* _WHAT IS BEING ASKED_: Everything from the line holding "Christine Wittich talks" through the last line of the data, and nothing else, should be retyped exactly, with no pictures.

* _INFORMATION PROVIDED_:
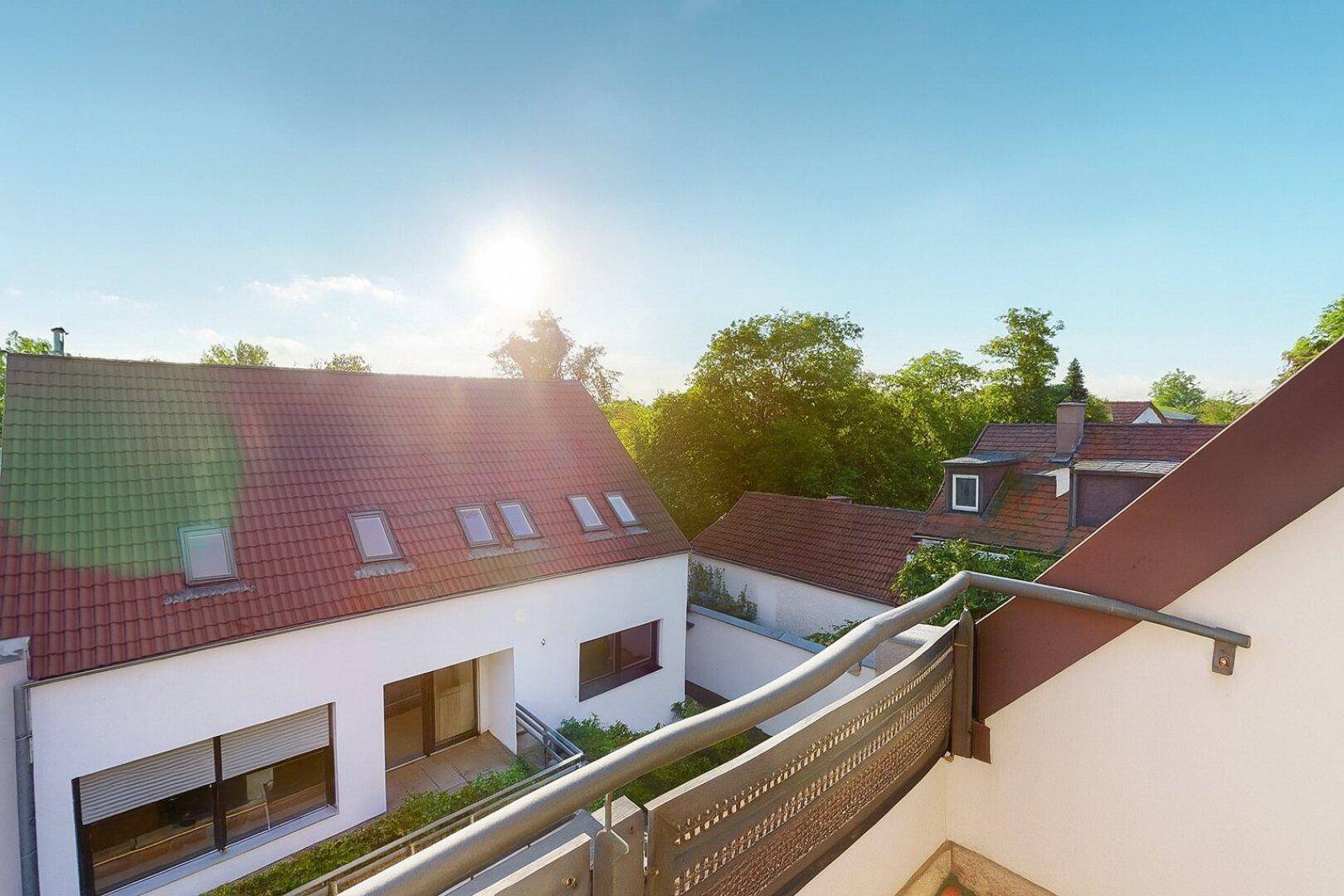 Balkon mit Metallgeländer und weitem Blick über Dächer und grüne Landschaft.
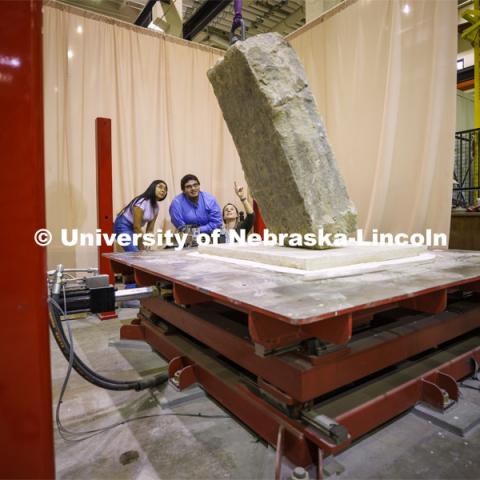 Christine Wittich talks with students as they position a slab on a large shake table in the structures lab. College of Engineering photo shoot. March 22, 2022. Photo by Craig Chandler / University Communication.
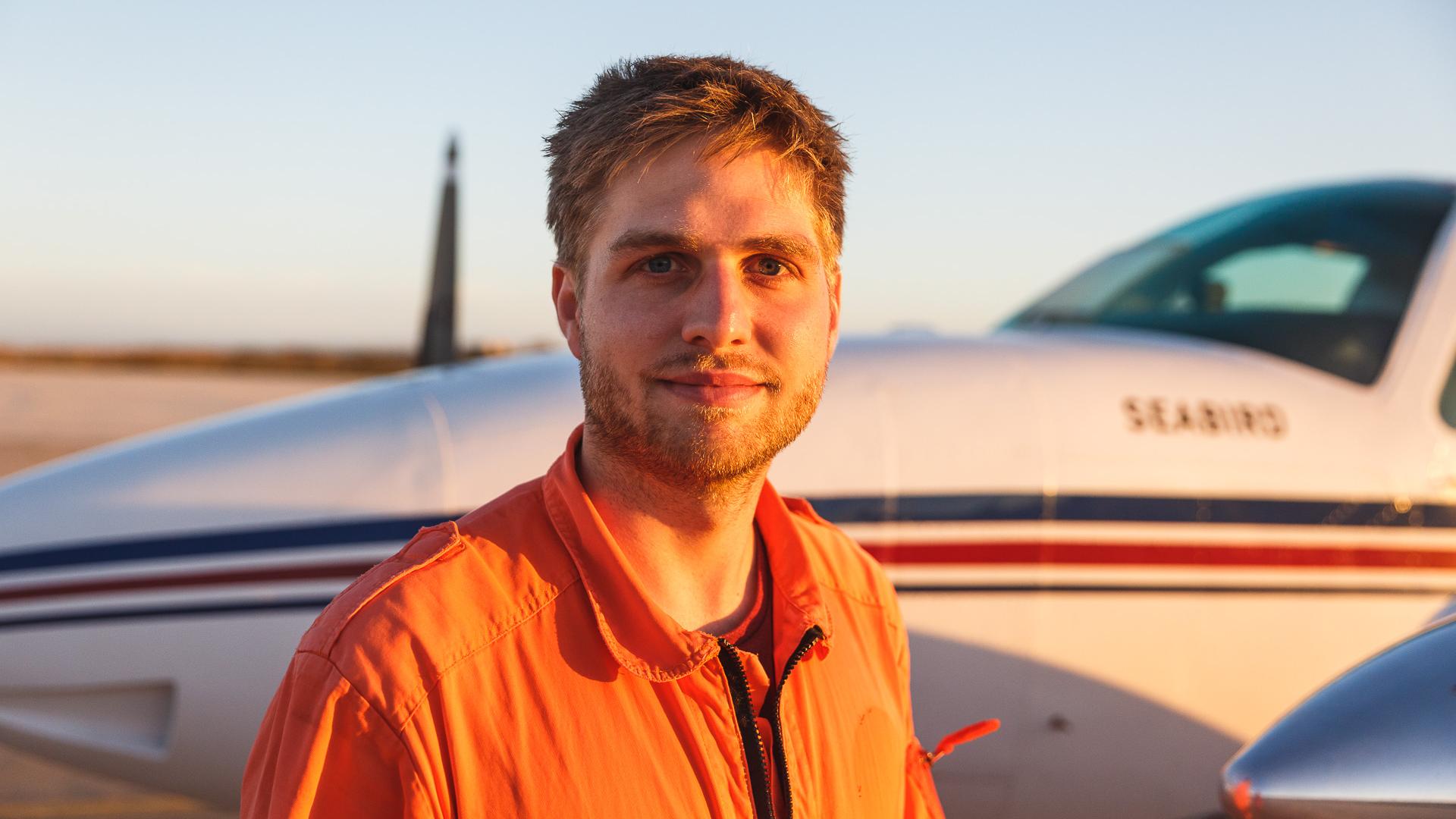 Mann in orangem Overall vor kleinem Flugzeug bei Sonnenuntergang.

* _RESULT FOR THIS EXERCISE_:
 Christine Wittich talks with students as they position a slab on a large shake table in the structures lab. College of Engineering photo shoot. March 22, 2022. Photo by Craig Chandler / University Communication.
 Mann in orangem Overall vor kleinem Flugzeug bei Sonnenuntergang.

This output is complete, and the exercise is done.